Katie: That was such a weird time for me.  I’m one of the most patriotic people you’ll ever meet, for real. In saying that, how do I describe to you what it feels like to want to live for something other than myself, to want to protect my friends and family, to want to serve a country that I love unconditionally and one that supposedly loves me back… but with conditions? They love the fact that I volunteered to give my life for the cause of a greater good, but they didn’t love the fact that I loved women.  There’s no describing that feeling.  I can’t explain how many times I felt stupid for being a part of something that wanted nothing to do with me. Well, let me rephrase that.  They wanted me, but not all of me.  Imagine going to work knowing that at any time you could be fired because someone found out you had a date with a woman the night before.  It causes someone to be a recluse.  It makes people lie.  It forces people to be deceiving.  It even made people kill themselves, much like our world today where we’re surrounded by folks that feel as though we’re doing something disgraceful.

My whole time in, DADT was alive and well.  All I knew was how to hide and how to be secretive.  Don’t get me wrong, I didn’t go the whole 6 years without ever telling a soul, but I did go the whole 6 six years only confiding in a small amount of people that I trusted wouldn’t “blow me in”.  I found myself following all the rules and trying to be the best at everything I did: my job, ironing my uniform, polishing my boots, shooting firearms, etc. so that IF someone did decide it was necessary to punish me for being lesbian, that would be the only thing “negative” they would have to say about me.

I guess, to be as short and to the point as possible, I love that people aren’t being forced to hide their sexuality any longer.  I makes my heart smile and I’m hoping that they’re having a more positive experience than when I was in.  The tough question would really be, why is it that someone would want to join an organization and volunteer their life for them if the organization/club wasn’t ok with them and their lifestyle?  The quick and honest answer is because there were more important things at stake…

 3. Have you ever found it difficult to be a lesbian in the great state of Texas or when planning your wedding?

Katie: I think we’re already a pretty private people, but being in Texas makes it easy to be that way.  The part that makes it a little rough in Texas is the deep southern, religion driven mentally that our lifestyle is wrong, wrapped with a bunch of “bless your hearts”, and even more “we love you anyways”.  Fortunately, we haven’t had any issues planning our wedding, but we do a lot of research to make sure that we don’t put ourselves in a position to be disappointed.

Amber: We’ve had a really good experience planning our wedding. We decided early on to just ask whether two brides would be an issue and so far everyone we’ve worked with has been very supportive.

4. Where did you guys meet and what was the first thing you remember about each other?

Katie: My first thought when I saw Amber was, “Wow, she’s beautiful.” On our first date, we sat at the restaurant talking and laughing for hours before Amber got us cut off.

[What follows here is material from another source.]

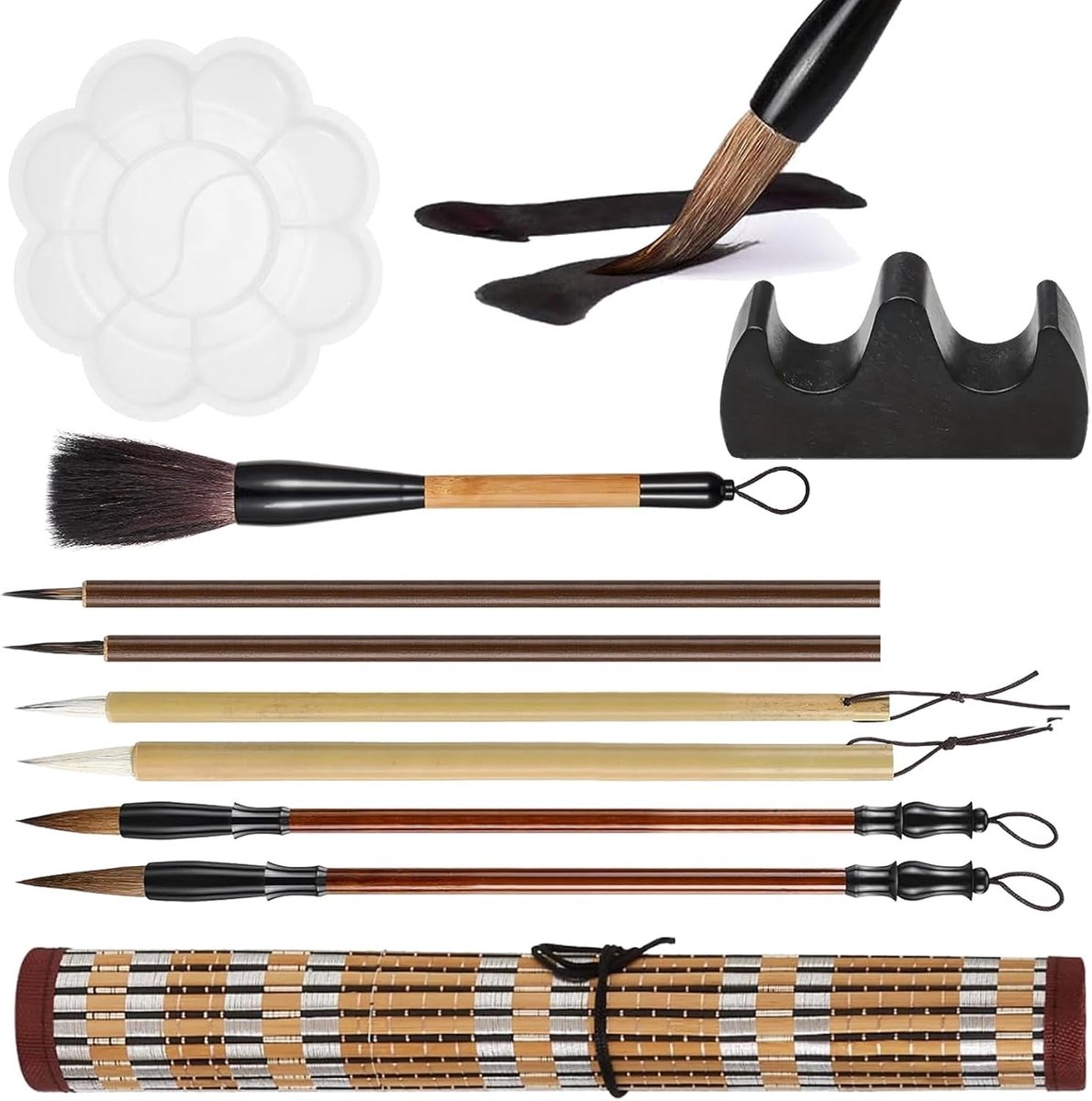 Professionele Kwastenset voor Calligrafie en Handlettering - 10 Stuks voor Sumi en Kanji Tekenen met Opbergtas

Amber: Katie loves to tell that story! I may have thrown my phone at one point… but now she knows I wasn’t drunk, I’m just a klutz. And we met online! The first thing I noticed about Katie were her blue eyes and her smile. She just came across as so genuine and still does.

5. Favorite trip that you two have taken together?

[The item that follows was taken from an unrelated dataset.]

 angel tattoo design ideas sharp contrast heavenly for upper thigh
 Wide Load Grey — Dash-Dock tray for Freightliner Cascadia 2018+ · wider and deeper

Katie: Even though Amber tried to kill me at the ski resort, mine would be Banff.  How could it not be?! My lady said yes to marry me and I turned the dirty 30! And! Banff is absolutely gorgeous.  I’m a beach person myself, but visiting Banff opened up my eyes to beauty off of the water.

Amber: She refused the bunny slopes!! I tried. And I agree. We’ve taken a few trips, but that has been my favorite as well. I love the mountains! The whole trip was just surreal.

6. What do you think really makes a marriage last?

Respect, commitment and communication.